FOR many years, Shanachie Records has been one of the world’s leading sources for indigenous and roots music. In terms of reggae, its catalogue includes revered recordings from the music’s golden age of the 1970s.
Shanachie has, however, reached out to a younger audience in the last decade. Currently, the company is putting its promotional muscle behind 9INE, a reggae/soul album by American singers Syleena Johnson and Musiq Soulchild.
Kemar ‘Flava’ McGregor, Syleen Johnson and Musiq Soulchild.
To be released in September, the set is produced by Kemar ‘Flava’ McGregor, a leading figure in dancehall/reggae. Randall Grass, Shanachie’s president, spoke to Splash recently about plans for 9INE.
“Our promotion strategy is aimed both at the reggae and R&B market, especially Musiq and Syleena’s fan base. We are servicing reggae radio in Jamaica, the US and UK, but also urban radio in the US and R&B/soul radio in the UK,” he explained.
Grass says a dancehall mix of Feel The Pain, the album’s lead single, will be serviced to club DJs worldwide. Music Soulchild and Johnson are also expected to do shows in the US next month as part of 9INE’s promotion.
According to Grass, Shanachie’s involvement with 9INE seemed natural. The label released Johnson’s previous album, Labour Pains, while Musiq Soulchild appeared in a music video by The Floacist, a soul poet signed to Shanachie.
9INE is the latest effort by the New York-based company to reach a contemporary audience. Like Rounder Records in Massachusetts, Shanachie is known for its vast catalogue of roots music, which includes titles by reggae acts Augustus Pablo, whose East Of The River Nile album marked the company’s association with Jamaican music in 1978.
Shanachie also has albums by Dennis Brown, The Mighty Diamonds, Culture and the Wailing Souls in its catalogue. In recent years, it has released new albums by Third World as well as a slate of smooth jazz and neo-soul acts including singer Crystal Bowersox, the 2010 American Idol runner-up.
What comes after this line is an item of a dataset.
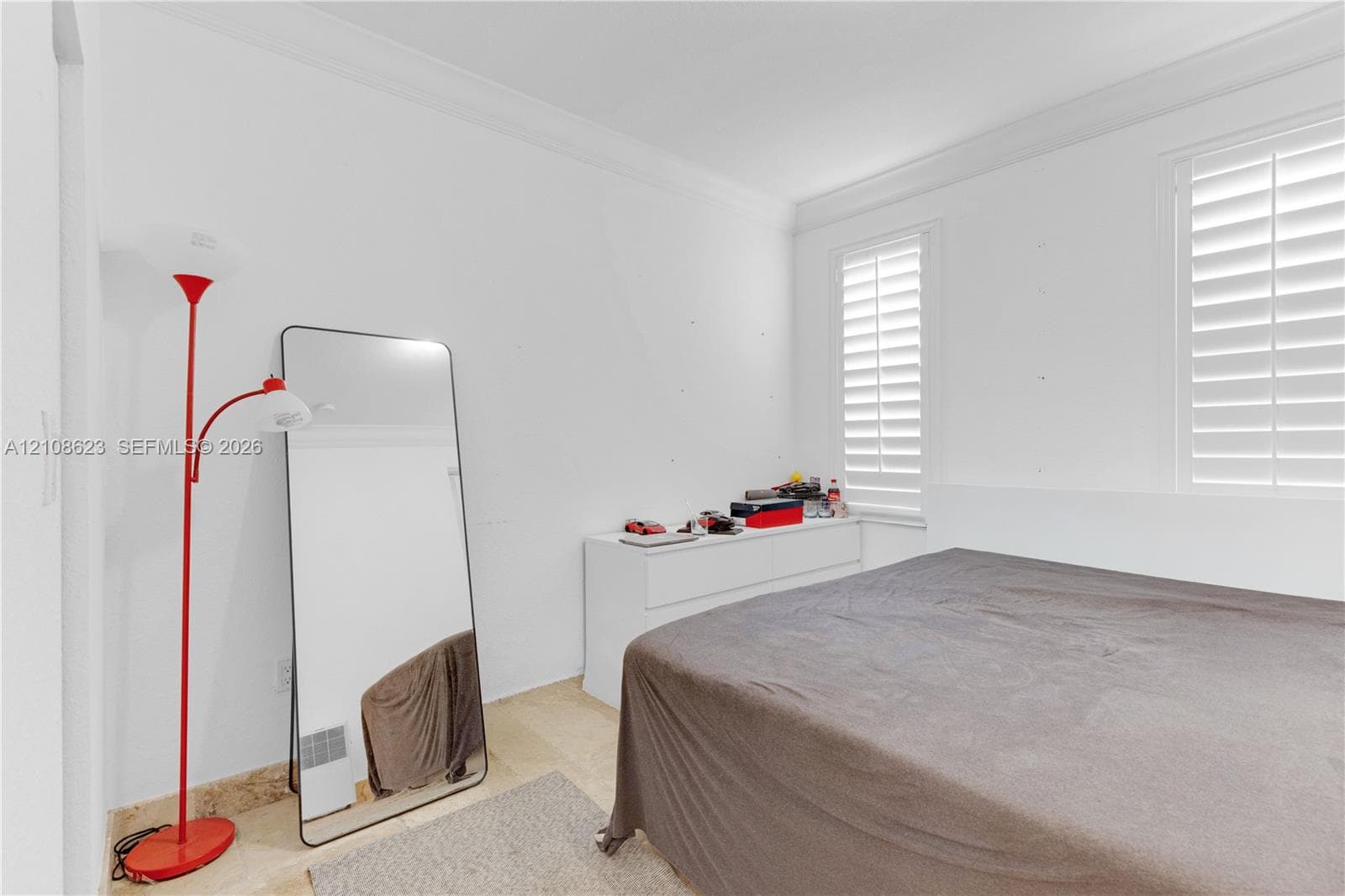 Room featuring neutral walls, crown molding, and dual windows outfitted with adjustable shutters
Johnson told Billboard magazine early this year that the collaboration with McGregor resulted from a tape he sent them of a new sound he was working on. It impressed her and Soulchild enough to consider doing a song with him but once they got into the studio, the project evolved.
“The music was so good and Musiq and I both love Kemar’s production so we’re like, ‘why don’t we just do an album together’,” she said.
Johnson and Musiq Soulchild are part of the neo-soul explosion that took place in the United States during the mid-1990s. McGregor is best known for producing Etana’s I Am Not Afraid and Mama Don’t Cry by Gyptian.